It is so easy to forget that plenty of racists have degrees from fine institutions like Harvard, Stanford, and Yale. (Or maybe it is an assumption that attending one of those schools will somehow “fix” any racism you come on board with.)
As if no Dems have any of those faults…
Having experienced some of the “Old South” I realized something.
Education, either Havard, Yale,.. or Duke, W&L, Old Miss, Auburn, etc… does not mean that racism will be read out of the student, but teaches one on how to conceal it better.
In southern towns, there was a rigid class structure of professionals, business/factory owners and the rest. (This is part of the reaction against early rock and roll). Its stratified, as to social and religious association, but there is no doubt that the upper reaches used the lower to keep blacks and whites under control and wages low.
You can’t have a white man and a black man, both standing in front of a loom for 10 hrs, getting together to fight for higher pay. The upper “class” would never be in a field with a hood on, but they know who is and gives them leeway to make sure they have the time to do so.
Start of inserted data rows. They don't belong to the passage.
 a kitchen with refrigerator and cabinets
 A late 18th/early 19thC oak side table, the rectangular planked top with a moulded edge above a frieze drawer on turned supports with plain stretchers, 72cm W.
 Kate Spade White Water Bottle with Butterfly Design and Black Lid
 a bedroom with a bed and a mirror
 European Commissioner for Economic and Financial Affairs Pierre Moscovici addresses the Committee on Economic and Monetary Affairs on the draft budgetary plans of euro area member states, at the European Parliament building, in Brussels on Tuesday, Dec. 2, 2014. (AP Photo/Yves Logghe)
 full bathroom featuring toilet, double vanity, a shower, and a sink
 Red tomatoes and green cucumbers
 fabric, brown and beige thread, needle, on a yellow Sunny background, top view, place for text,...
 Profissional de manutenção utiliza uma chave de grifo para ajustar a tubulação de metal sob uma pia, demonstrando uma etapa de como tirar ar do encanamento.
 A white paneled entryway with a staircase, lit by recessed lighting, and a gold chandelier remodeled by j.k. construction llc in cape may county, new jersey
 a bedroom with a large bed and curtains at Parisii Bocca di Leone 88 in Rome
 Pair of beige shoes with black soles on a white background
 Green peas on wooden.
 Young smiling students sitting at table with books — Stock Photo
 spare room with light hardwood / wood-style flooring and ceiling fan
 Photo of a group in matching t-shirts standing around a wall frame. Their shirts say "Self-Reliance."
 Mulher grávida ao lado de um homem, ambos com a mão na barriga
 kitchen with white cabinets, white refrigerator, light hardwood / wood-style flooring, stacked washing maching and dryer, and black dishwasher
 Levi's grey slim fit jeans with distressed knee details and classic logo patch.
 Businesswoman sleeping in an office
The bank President, factory owner, doctor, lawyer….all college graduates… keep above those with burning crosses and Confederate flags on their pickup or in front of the trailer; but to them they are white trash and would never had been invited into the Big House, not to mention have their feet under the dinner table. They are useful to keep economic control of the community; just make sure they are focused on Race, not common economic requirements.
Seems to me, this sounds like the campaign of the last Democratic Candidate for President. Focus on your own special place on the huge human spectrum; not the common requirements for equal justice under law and economic fairness.
R
You describe larger towns and the cities in the Civil Rights era very well. But these were the towns and cities that bent first to desegregation in order to get plant relocations.
Smaller towns often refused plant relocations so as to not disrupt existing patterns. And the few professional class folks there were among those who donned hoods in opposing civil rights workers.
The education does not read the racism out of the student even in New York City; the PEOTUS is case in point. What it does is teach one how to be polite while one preserves the institutions of racism.
Well, yes. I’ve some experience in what I call the “Lint Belt” You and I could run the list of the textile towns along the Va/NC border, then south to SC and north Ga.
Those industries were there before civil rights struggle and new industry came in. But the established cliques didn’t begin to break up until the trade deals of Clinton and SW Asia imports. Then the mills closed and the aging city fathers lost their power base or died. Then space was created for a newer generation, newer industry with newer sensibilities. But even now, a lot have just shifted base from the towns and cities of the old industries to out in the “county”.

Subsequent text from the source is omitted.